Initial data from new 988 hotline may point to progress in reaching at-risk Georgians
Georgia’s 988 mental health crisis hotline took in almost 38,000 calls, text and chat messages in its first 45 days of operation. And while the line’s demographics data are preliminary, state health officials say the numbers are promising.
“The way people are using this three-digit dial may be making it possible for people who have been traditionally underserved to seek support more readily,” said Judy Fitzgerald, Commissioner of the Georgia Department of Behavioral Health and Developmental Disabilities. “We do have early evidence that people we know need help who have been traditionally underserved are finding their way to support through this 988 line.”
The national crisis hotline launched in July. It’s designed to answer calls, texts and chat messages from people experiencing a mental health or addiction crisis within seconds, and refer callers to phone or nearby in-person counseling or other inpatient or outpatient services they may need.
Callers are first triaged by phone and then routed into a queue answered by a master’s level behavioral health professionals supervised by a licensed professional.
As the line prepared to launch, some mental health advocates worried Georgia’s acute shortage of mental health providers in some areas of the state would hamper the line’s effectiveness.
“The challenge isn’t the phone call. The challenge is in obtaining necessary care for the reason the caller made the phone call,” said Roland Behm from the Georgia Chapter of the American Foundation for Suicide Prevention.
“Access to behavioral health resources will continue to be a chronic challenge in Georgia, one that is addressed — in time and in part — by the Georgia Mental Health Parity Act (HB 1013), which went into effect on July 1,” he said.
A Department of Behavioral Health and Developmental Disabilities analysis of initial 988 call data found a high prevalence of calls coming from Georgia’s rural counties.
“This data is preliminary, we will continue to look at it. But for the first 30 days there were more cases in south rural Georgia than other parts of the state,” Office of Crisis Coordination Director Dawn Peel said, noting there was an 8% rise in deaths by suicide in rural areas in 2020.
During the same initial rollout period, 988 also saw more calls from Black Georgians than whites. Just under 10% of crisis episodes involved young people under age 18.
Department of Behavioral Health and Developmental Disabilities officials say the agency is still working to make sure 988 is fully accessible to non-native English speakers.

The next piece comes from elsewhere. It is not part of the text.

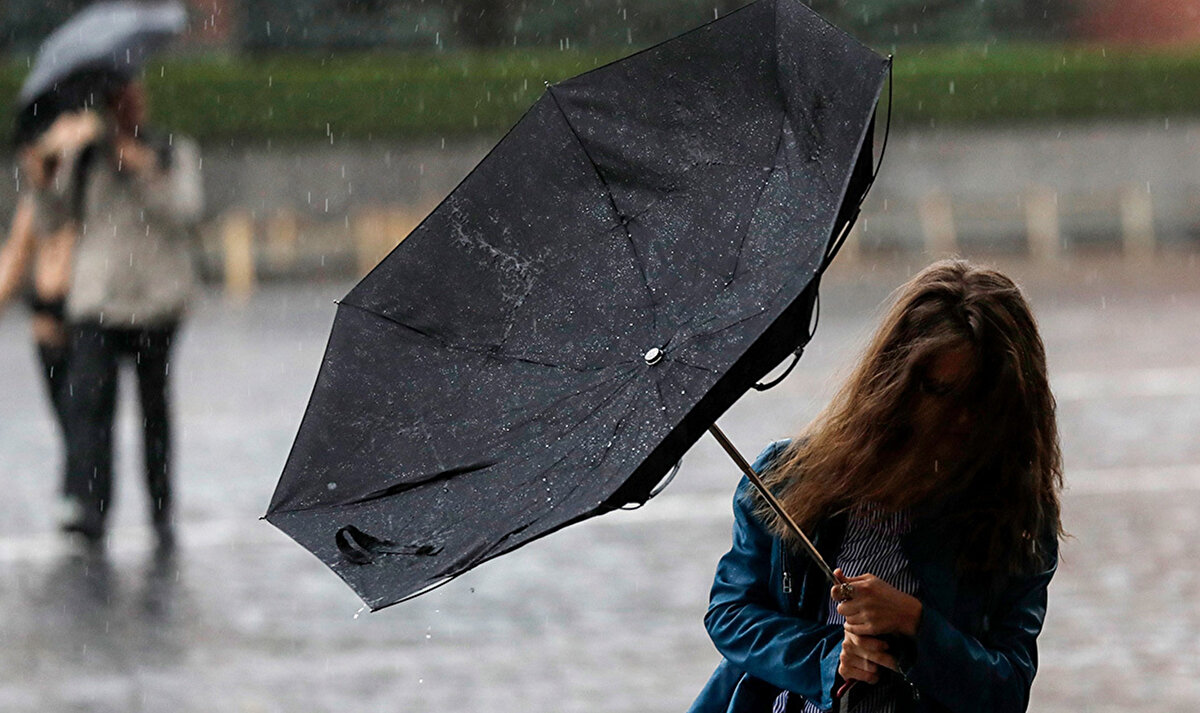 DOĞU ANADOLU<br>Parçalı ve az bulutlu geçeceği tahmin ediliyor.<br><br>ERZURUM °C, 17°C<br>Parçalı ve az bulutlu<br><br>KARS °C, 18°C<br>Parçalı ve az bulutlu<br><br>MALATYA °C, 22°C<br>Parçalı ve az bulutlu<br><br>VAN °C, 18°C<br>Parçalı ve az bulutlu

The phone line currently offers services in English and Spanish, and uses a translation service for more than 250 additional languages.
988 text and chat lines are currently available only in English. Officials say SAMHSA plans to roll out these messaging services in other languages soon.
In the first 45 days of Georgia’s 988 system, the crisis line received 476 calls from people whose lives were believed to be in danger. These calls resulted in an active rescue involving police or other 911 first responders.
But the data show a third of calls to the crisis line are resolved during the initial call.
Roughly a quarter require a mobile crisis unit or other in-person response. Another 46% of callers need a transfer to inpatient or other crisis care.
“If someone called our crisis center and they were in an immediate risk of of harm either to themselves or someone else, and 911 would have to be dispatched,” said Monica Johnson, director for the Division of Behavioral Health at Behavioral Health and Developmental Disabilities. “our crisis center can make that connection with our 911 partners.”
988 suicide prevention and mental health crisis hotline calls, texts and chats in Georgia are answered by trained Georgia Crisis and Access Line operators 24-hours a day, 7-days a week, 365-days a year.